So keimt in mir an freien Wochenenden ununterdrückbar der Wunsch auf mal in die Stadt zu fahren.
Ohne überheblich wirken zu wollen, denn das Problem ist rein praktischer Natur: Wo fahre ich hin, wenn dieses Verlangen sich in mir regt, ich aber in Berlin-Mitte wohne?
Die Erleuchtung kam beim morgendlichen Einkauf als ich aus einem fremden Fenster den Radiosender Kiss FM hörte, der mir vier Mal innerhalb weniger Sekunden die Gropiuspassagen anpries.
Als ich brötchenbepackt an den Frühstückstisch zurückkehrte, verkündete ich meinem Freund: „Schatz, mach dich schick, ich habe eine Überraschung!“
So warfen wir uns in Flanierschale, ich packte meinen Freund an der Hand und wir zogen los. Spätestens als wir am Herrmannplatz umstiegen, wurde er skeptisch. (Zu erkennen an dem Flattern seines rechten Nasenflügels.) Angekommen in Britz verdunkelte sich seine Mine.
Für mich war es dennoch sehr aufregend. In den labyrinthartig angelegten Gropiuspassagen gibt es Geschäfte, die ich in meinem Leben noch nicht gesehen habe. Eines davon (Claire’s Accessoires), war ohne Zweifel DAS Geschäft für modebewußte junge Leute, die Abends Clubs aufsuchen, um dort tanzen zu gehen.

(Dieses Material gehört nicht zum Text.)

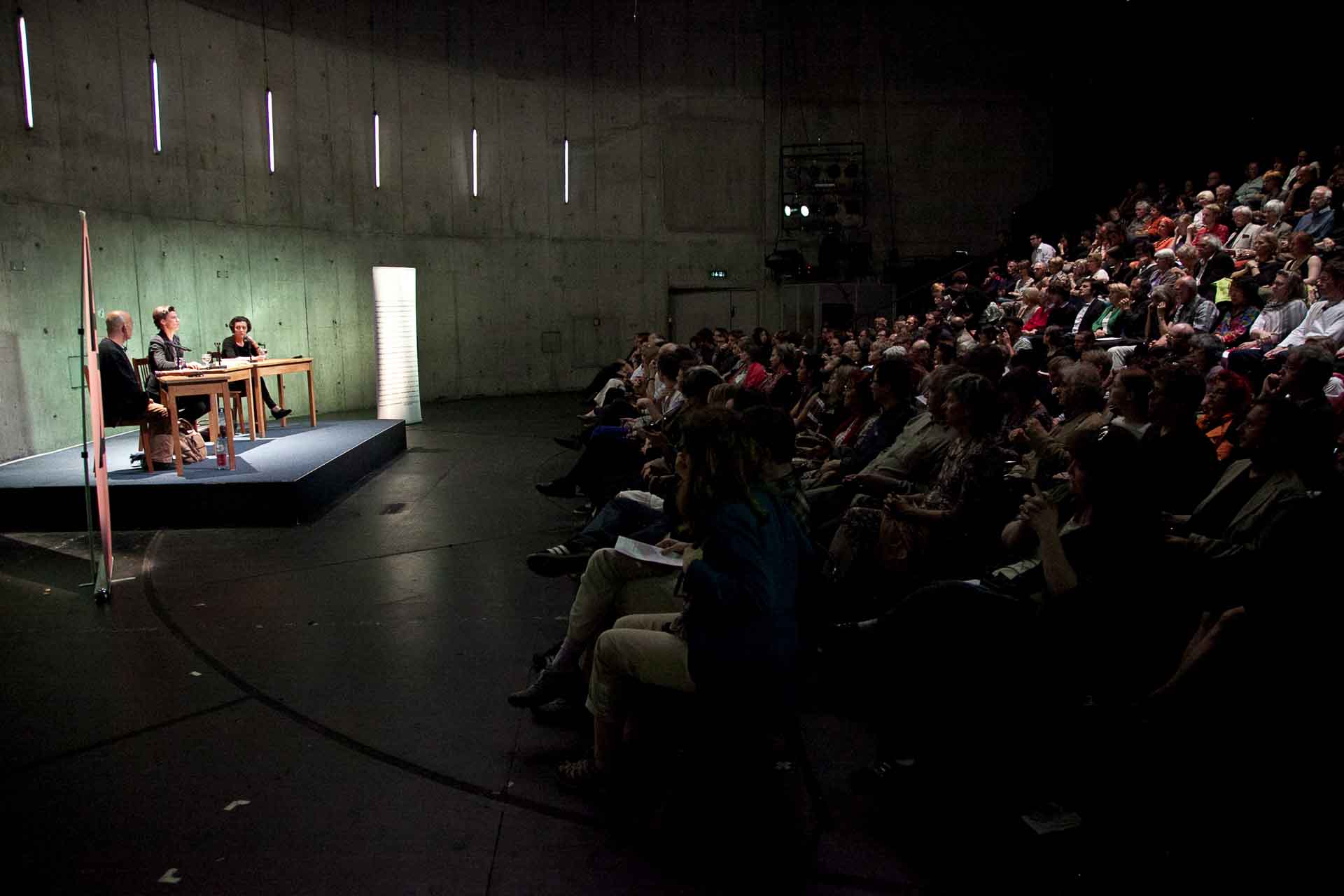 Zielinski.Photography - Images of artworks and culture - Berlin An exhibition showcasing a group of people sitting on a stage in front of an audience admiring artworks by Zielinski.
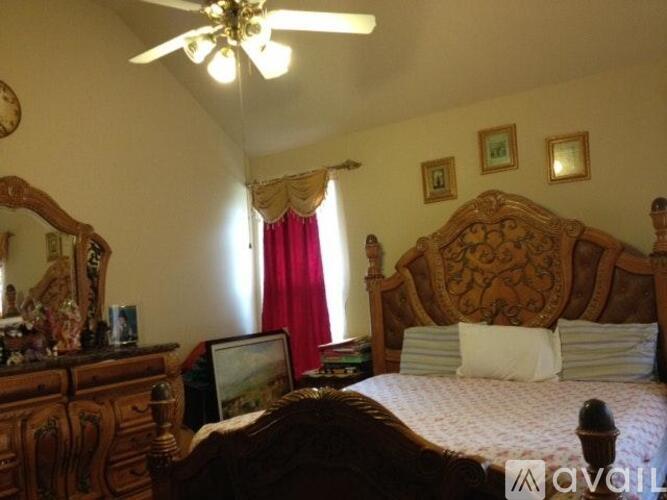 A bedroom with a large bed and a ceiling fan.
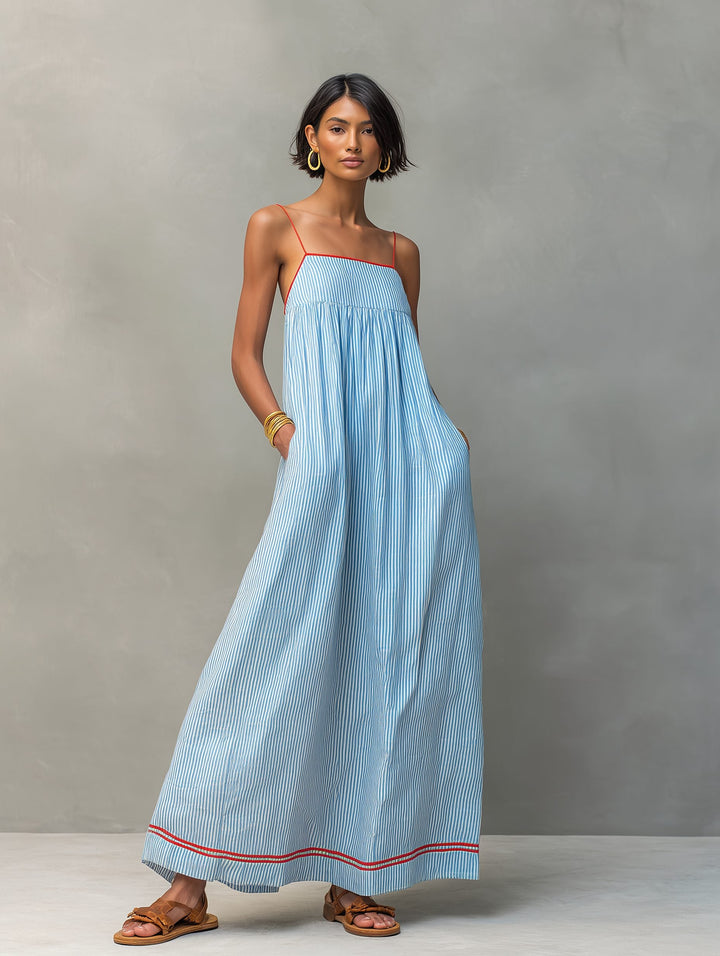 Sleeveless striped maxi dress featuring handy side pockets. Ideal for summer casual wear.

Wir durchforsteten Laden für Laden, irrten einige Male im Kreis, entgingen knapp drei Schlägereien, weil wir im Gedrängel junge Herren anstießen ohne knierutschend um Verzeihung zu bitten, speisten im neonbeleuchteten Pizza Hut und bestaunten schlussendlich die Modenschau von WE und forever18, in der wir mundgeöffnet erfuhren „was diesen Winter modetechnisch alles möglich ist.“
Hochzufrieden kehrten wir fünf Stunden später nach Mitte zurück.